By Lenie Lectura – August 3, 2020
from Business Mirror
More Electric and Power Corp. (MORE Power) on Monday disputed the claims of Panay Electric Co. (PECO) in a report on power outage incidents submitted to the Energy Regulatory Commission (ERC).
MORE Power responded to the allegations of PECO that Iloilo City experienced 1,424 minutes of power outages from February 29 up to July 16, 2020.
“PECO manipulated the numbers to artificially inflate the figures. PECO not only double counted, it counted one brown-out period 16 times. PECO included in its count two brown-out incidents that did not happen. PECO also counted a longer period than the actual period of brownout,” said MORE Power in its reply to a petition filed by PECO with the ERC requesting the restoration of its certification of public convenience and necessity.
PECO also claimed that the accumulated power outages for this period were much higher than the System Average Interruption Duration Index of PECO for the same period in 2019.
For its part, MORE Power said PECO engaged in “multiple counting.” More Power said it recorded a total of 182.13 hours of power interruptions during the period and not 412.20 hours as claimed by PECO.
“PECO inflated the figures by counting multiple times a single interruption event,” MORE Power said.
MORE Power said discrepancies appear in the computation of PECO, resulting in an additional 230 hours of interruptions that were “falsely included to inflate their computation.”
“Scheduled outages contributed a large portion of the duration of the power interruptions under MORE Power.
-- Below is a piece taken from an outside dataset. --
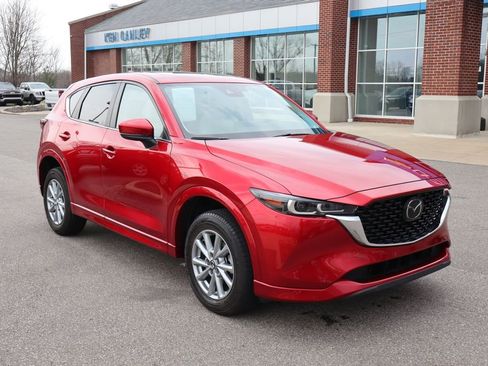 Used 2024 MAZDA CX-5 AWD 2.5 S w/ Preferred Package image 4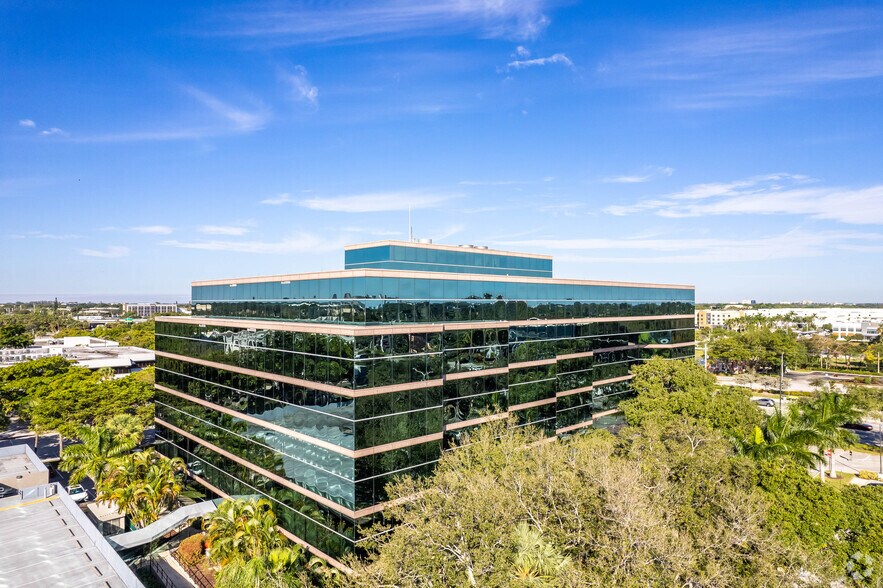 More Photos Of 600 W Hillsboro Blvd, Deerfield Beach Office For Lease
These scheduled outages were necessary because of the need for urgent maintenance works on various aspects of the dilapidated distribution system that MORE took over from PECO,” MORE Power said.
Of the 182.13 hours of interruptions during the period, more than 50 percent was due to scheduled power interruptions by MORE Power.
“These interruptions were utilized by MORE to undertake much needed maintenance on the Feeders and Substations in Iloilo City. These Feeders and Substations were in a dilapidated state due to the failure of PECO to maintain them properly,” the company said.
Other power supply related are interruptions resulting from scheduled or unscheduled outages on lines or substations owned by the National Grid Corporation of the Philippines (NGCP) or from a generator, force majeure and other factors, such as defective equipment, that MORE Power inherited from PECO.
“All these defective equipment resulted to about 51.57 hours of interruptions. As we stated before, these defective equipment are all part of the distribution system that MORE Power took over from PECO and are attributable to the poor or non-existent maintenance of PECO while it was operating the said distribution system,” it said.